Une salariée est engagée en qualité d'animatrice, à compter du 1er février 2006, par une association.

Dans le dernier état de la relation contractuelle, elle occupait le poste d'animatrice aux nouvelles technologies à temps complet.

Par lettre du 23 janvier 2017, l'association lui notifie qu'en application de l'article L. 1226-2 du code du travail elle disposait d'un délai d'un mois à compter de la réception de cette correspondance pour faire connaître son acceptation ou son refus d'une proposition de réduction de son temps de travail hebdomadaire à 20 heures.

L'association ayant considéré que la modification de son temps de travail était valablement intervenue dès lors qu'elle n'avait pas fait connaître son refus dans le délai d'un mois, la salariée saisit la juridiction prud'homale d'une demande de résiliation judiciaire de son contrat de travail aux torts exclusifs de l'employeur et de demandes en paiement de sommes subséquentes. 

La cour d'appel d'Aix en Provence, par un arrêt du 2 décembre 2021, donne raison à la salariée. 

Mais l’employeur décide de se pourvoir en cassation. 

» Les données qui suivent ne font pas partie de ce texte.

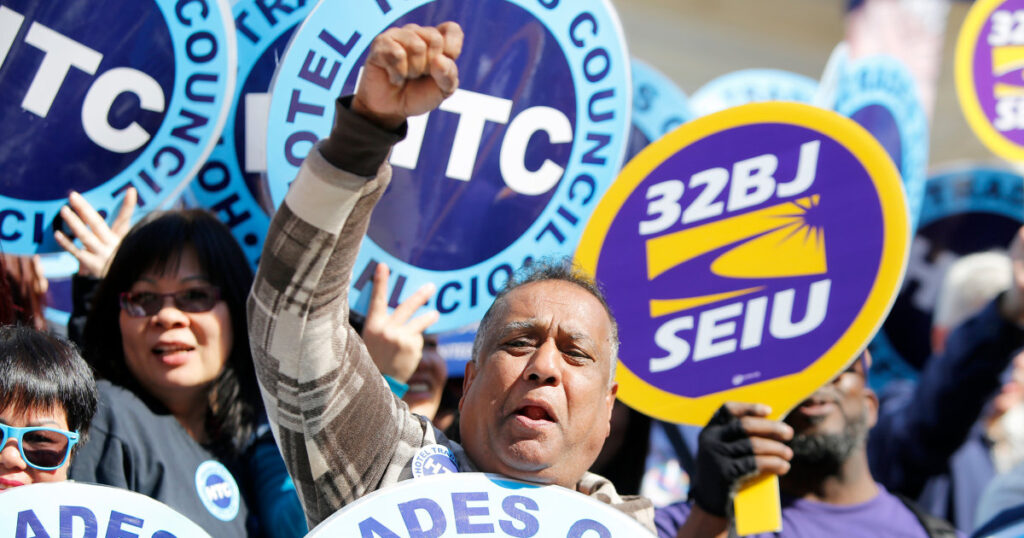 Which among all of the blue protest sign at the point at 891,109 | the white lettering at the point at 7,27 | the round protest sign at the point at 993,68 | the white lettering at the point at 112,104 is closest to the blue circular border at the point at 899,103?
the blue protest sign at the point at 891,109

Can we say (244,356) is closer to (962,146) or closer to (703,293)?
(703,293)

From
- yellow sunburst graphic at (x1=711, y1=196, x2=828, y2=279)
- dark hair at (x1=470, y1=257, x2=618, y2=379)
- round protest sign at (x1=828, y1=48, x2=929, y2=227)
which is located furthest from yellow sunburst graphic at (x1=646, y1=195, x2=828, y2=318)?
round protest sign at (x1=828, y1=48, x2=929, y2=227)

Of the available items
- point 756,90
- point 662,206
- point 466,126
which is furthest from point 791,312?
point 756,90

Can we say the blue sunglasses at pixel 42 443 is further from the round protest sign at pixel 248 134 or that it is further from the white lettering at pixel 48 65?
the round protest sign at pixel 248 134

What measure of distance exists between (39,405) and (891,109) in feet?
9.20

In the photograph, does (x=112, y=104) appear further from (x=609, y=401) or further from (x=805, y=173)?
(x=805, y=173)

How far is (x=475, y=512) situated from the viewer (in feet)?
5.49

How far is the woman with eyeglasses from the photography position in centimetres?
220

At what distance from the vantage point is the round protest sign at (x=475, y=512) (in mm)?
1631

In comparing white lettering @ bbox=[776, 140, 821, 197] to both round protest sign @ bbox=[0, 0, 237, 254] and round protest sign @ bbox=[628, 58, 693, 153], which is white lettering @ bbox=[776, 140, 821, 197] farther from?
round protest sign @ bbox=[0, 0, 237, 254]

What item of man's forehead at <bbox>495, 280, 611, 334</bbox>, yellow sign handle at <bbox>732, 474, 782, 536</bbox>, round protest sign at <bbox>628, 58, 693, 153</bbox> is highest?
round protest sign at <bbox>628, 58, 693, 153</bbox>

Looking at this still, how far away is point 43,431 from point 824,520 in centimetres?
194

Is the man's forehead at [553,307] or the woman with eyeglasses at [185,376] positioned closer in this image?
the man's forehead at [553,307]

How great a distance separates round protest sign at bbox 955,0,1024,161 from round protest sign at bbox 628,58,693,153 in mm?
995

La Cour de cassation confirme la cour d’appel d'Aix en Provence, et en profite pour rappeler les principes suivants : 

  • L'employeur, qui n'a pas mentionné dans la lettre de proposition de modification du contrat de travail le motif économique pour lequel cette modification est envisagée ;
  • Ne peut se prévaloir, en l'absence de réponse du salarié dans le mois, d'une acceptation de la modification du contrat de travail.

Extrait de l’arrêt :


Réponse de la Cour

  1. Aux termes de l'article L. 1222-6 du code du travail, lorsque l'employeur envisage la modification d'un élément essentiel du contrat de travail pour l'un des motifs économiques énoncés à l'article L. 1233-3 du même code, il en fait la proposition au salarié par lettre recommandée avec avis de réception. La lettre de notification informe le salarié qu'il dispose d'un mois à compter de sa réception pour faire connaître son refus. À défaut de réponse dans le délai d'un mois, le salarié est réputé avoir accepté la modification.
  1. Il en résulte que la procédure qu'il prévoit n'est applicable que lorsque l'employeur envisage la modification d'un élément essentiel du contrat de travail pour l'un des motifs énoncés à l'article L. 1233-3 du code du travail, de sorte que l'employeur, qui n'a pas mentionné dans la lettre de proposition de modification du contrat de travail le motif économique pour lequel cette modification est envisagée ne peut se prévaloir, en l'absence de réponse du salarié dans le mois, d'une acceptation de la modification du contrat de travail.
  1. La cour d'appel a constaté que l'association avait proposé à la salariée une modification de son contrat de travail consistant en une réduction de son temps de travail avec une réduction de sa rémunération, en raison de l'activité de l'établissement qui ne permettait pas de l'employer à temps complet et la conduisait à mettre en place une nouvelle organisation et qu'il n'était pas allégué que cette réorganisation résultait de difficultés économiques ou de mutations technologiques ou qu'elle fût indispensable à la sauvegarde de la compétitivité de l'entreprise.
  1. Elle en a exactement déduit que l'association ne pouvait valablement invoquer l'application de l'article L. 1222-6 du code du travail en sorte que la réduction du temps de travail ne pouvait être imposée à la salariée.
  1. Le moyen n'est donc pas fondé.

PAR CES MOTIFS, la Cour :

REJETTE le pourvoi ; 

Cour de cassation du , pourvoi n°22-11369

Commentaire de LégiSocial

La présente affaire nous permet de rappeler un précédent arrêt de la Cour de cassation concernant une modification, pour raison économique, d’un contrat de travail.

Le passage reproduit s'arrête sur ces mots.